#### What the task asks
From the line containing "Nike x Peaceminusone" to the last line of the records, please reproduce every line exactly and nothing more.

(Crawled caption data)
====

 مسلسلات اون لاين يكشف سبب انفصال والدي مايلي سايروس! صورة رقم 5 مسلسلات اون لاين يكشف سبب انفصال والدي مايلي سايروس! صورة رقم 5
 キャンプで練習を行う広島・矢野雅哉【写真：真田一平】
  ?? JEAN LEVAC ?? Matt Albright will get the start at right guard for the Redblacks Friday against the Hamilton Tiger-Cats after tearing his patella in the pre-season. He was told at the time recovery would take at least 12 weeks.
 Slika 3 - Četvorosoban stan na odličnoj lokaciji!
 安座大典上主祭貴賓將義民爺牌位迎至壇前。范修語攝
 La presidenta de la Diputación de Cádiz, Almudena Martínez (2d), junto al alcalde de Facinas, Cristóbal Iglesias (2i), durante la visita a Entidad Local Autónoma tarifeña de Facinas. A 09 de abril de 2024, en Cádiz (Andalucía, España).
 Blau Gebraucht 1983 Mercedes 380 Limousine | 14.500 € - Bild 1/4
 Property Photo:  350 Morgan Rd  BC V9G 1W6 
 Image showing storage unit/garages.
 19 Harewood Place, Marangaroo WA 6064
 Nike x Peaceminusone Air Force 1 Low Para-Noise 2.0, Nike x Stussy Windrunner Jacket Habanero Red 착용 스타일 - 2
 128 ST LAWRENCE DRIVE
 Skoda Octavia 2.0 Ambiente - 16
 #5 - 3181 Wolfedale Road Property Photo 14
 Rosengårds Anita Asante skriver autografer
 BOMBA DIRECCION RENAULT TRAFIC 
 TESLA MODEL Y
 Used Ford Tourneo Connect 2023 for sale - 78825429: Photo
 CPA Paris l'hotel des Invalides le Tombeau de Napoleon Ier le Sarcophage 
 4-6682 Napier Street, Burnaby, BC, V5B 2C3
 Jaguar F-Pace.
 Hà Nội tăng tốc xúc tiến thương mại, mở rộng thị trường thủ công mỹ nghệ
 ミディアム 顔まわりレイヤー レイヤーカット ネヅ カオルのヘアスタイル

====

#### Answer for the task
 Nike x Peaceminusone Air Force 1 Low Para-Noise 2.0, Nike x Stussy Windrunner Jacket Habanero Red 착용 스타일 - 2
 128 ST LAWRENCE DRIVE
 Skoda Octavia 2.0 Ambiente - 16
 #5 - 3181 Wolfedale Road Property Photo 14
 Rosengårds Anita Asante skriver autografer
 BOMBA DIRECCION RENAULT TRAFIC 
 TESLA MODEL Y
 Used Ford Tourneo Connect 2023 for sale - 78825429: Photo
 CPA Paris l'hotel des Invalides le Tombeau de Napoleon Ier le Sarcophage 
 4-6682 Napier Street, Burnaby, BC, V5B 2C3
 Jaguar F-Pace.
 Hà Nội tăng tốc xúc tiến thương mại, mở rộng thị trường thủ công mỹ nghệ
 ミディアム 顔まわりレイヤー レイヤーカット ネヅ カオルのヘアスタイル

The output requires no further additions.